Servo + 5V Voltage regulator issue (Current drop?)

Hi everyone,

I’ve been following an Arduino tutorial on YouTube (The one from Jeremy Blum), so the components I’ve been using are:

  • Battery (9v squared battery)
  • Servo (Micro Servo 9g - SG90)
  • 5V Regulator (L7805)

The problem is as when I wire up everything according to the example, my servo barely moves, randomly small twitches, or sometimes it doesn’t do anything at all… I have read some others forums trying to search for an answer. The main answer I’ve seen was, suggesting to use a different kind of battery (Ex: 6xAA pack). But in Jeremy’s example, he manages to do succeed while using a 9V battery? Am I using the wrong kind of voltage regulator perhaps?

Extra information:

  • Both grounds of the battery and arduino are connected
  • The 5V power of my arduino isn’t wired to my breadbord (Because we want to use the power of the battery, right?)
  • I have used to multimeter to check the voltage levels on my regulator, which states 5V on the output
  • While checking the current on the regulator, it says 0.1mA (which is not enough to make the servo move?), but sometimes it jumps around real quickly to ±0.3mA and back, which makes it twitch a little bit

So, my guess is, something is not allowing or dropping the current when it passes through the voltage regulator…

Thanks in advance,

EDIT: I have added a picture of the schematic and one of the breadbord in the attachments

(deleted)

A schematic of the complete thing would also have been helpful.

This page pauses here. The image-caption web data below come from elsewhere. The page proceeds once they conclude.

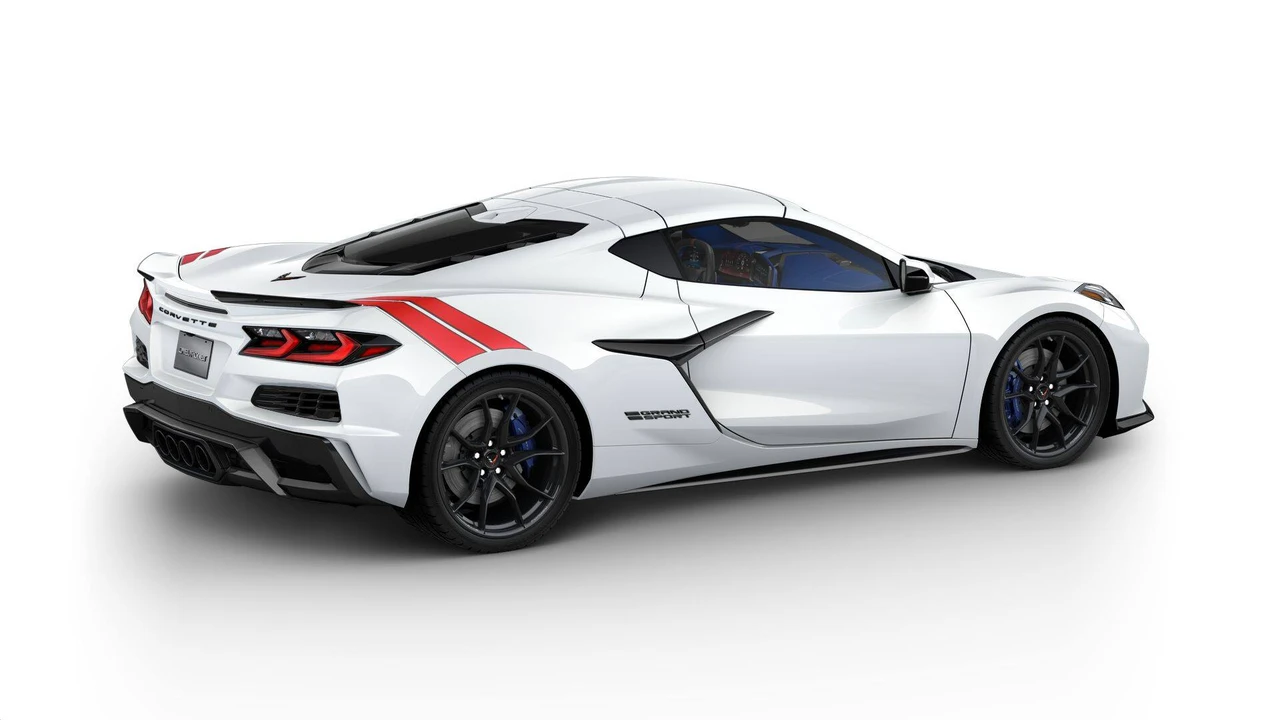 2027 Chevrolet Corvette C8 Grand Sport - Image 4 of 11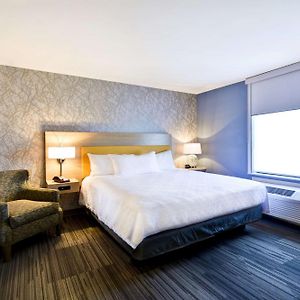 One-Bedroom King Suite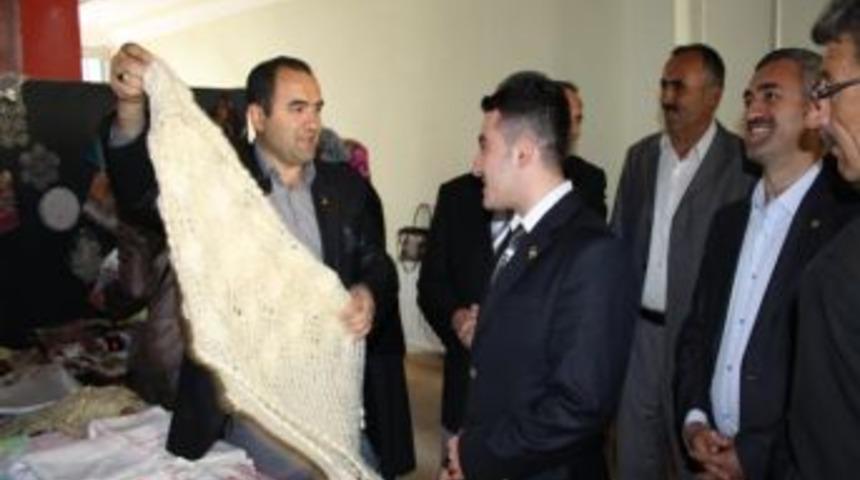 G&ouml;n&uuml;ll&uuml; bayanlar &ouml;ğrenciler i&ccedil;in kermes d&uuml;zenledi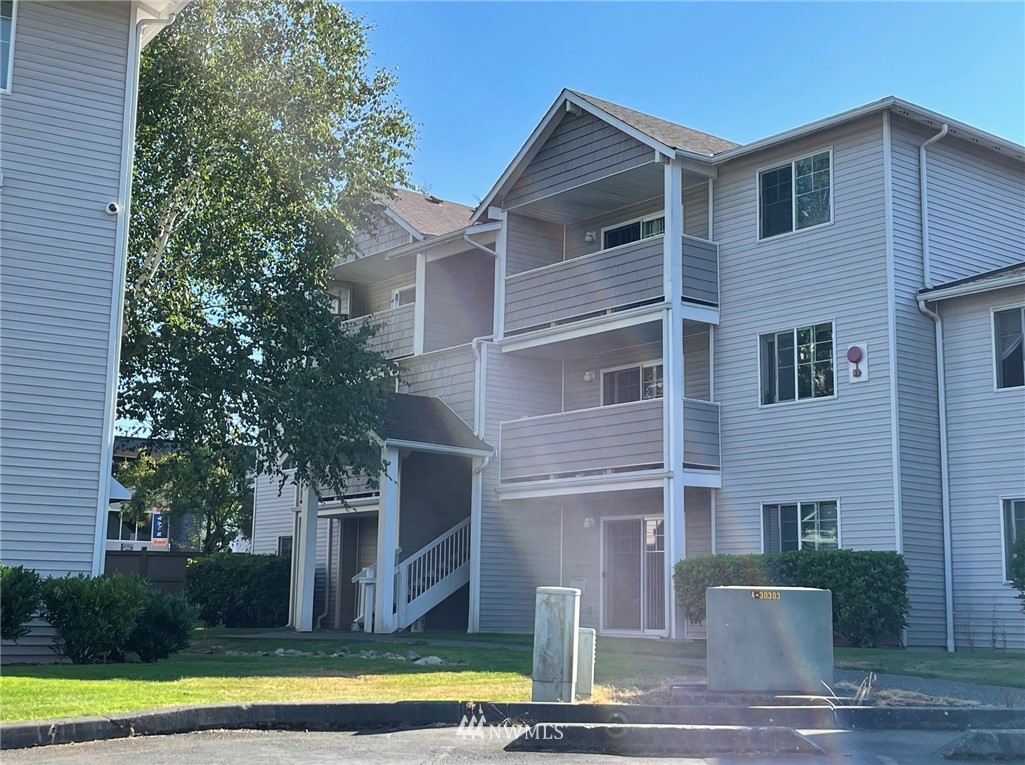 1001 West Casino Road Everett, WA 98204 - Photo 1 of 1 a front view of a house with a yard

However I do agree that a regular 9 volt battery is not really good for sustained use as you are trying to drop almost half that voltage as wasted heat and we dont know how you have the regulator configured.

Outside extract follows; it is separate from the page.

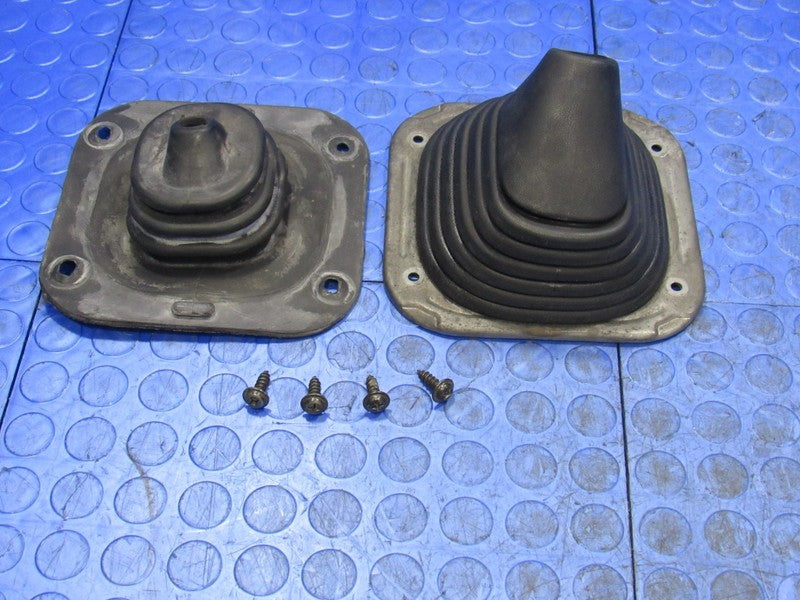 89-95 Toyota Pickup 2WD Manual Trans Floor Shift Rubber Boot Black OEM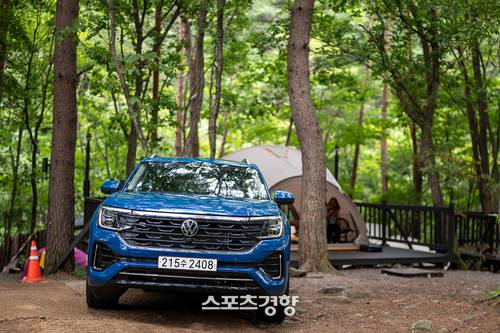 캠핑하기에 좋은 가을에 만난 폭스바겐 신형 아틀라스. 이 차가 주목 받는 이유는 합리적인 가격대, 프리미엄 상품성을 지니고 있어서다.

Thanks for the quick replies, guys!

@spycatcher2k : Haha, got it. But still makes me wonder why in Jeremy's video he IS able to

@ballscrewbob : My bad, I have added some images in the attachments now. Hope that clarifies more

Your picture clarifies that fact that you are not using an SG90 micro servo as you claimed. You have an SG5010 full-size servo which needs 3 or 4 times more current. So there's one difference.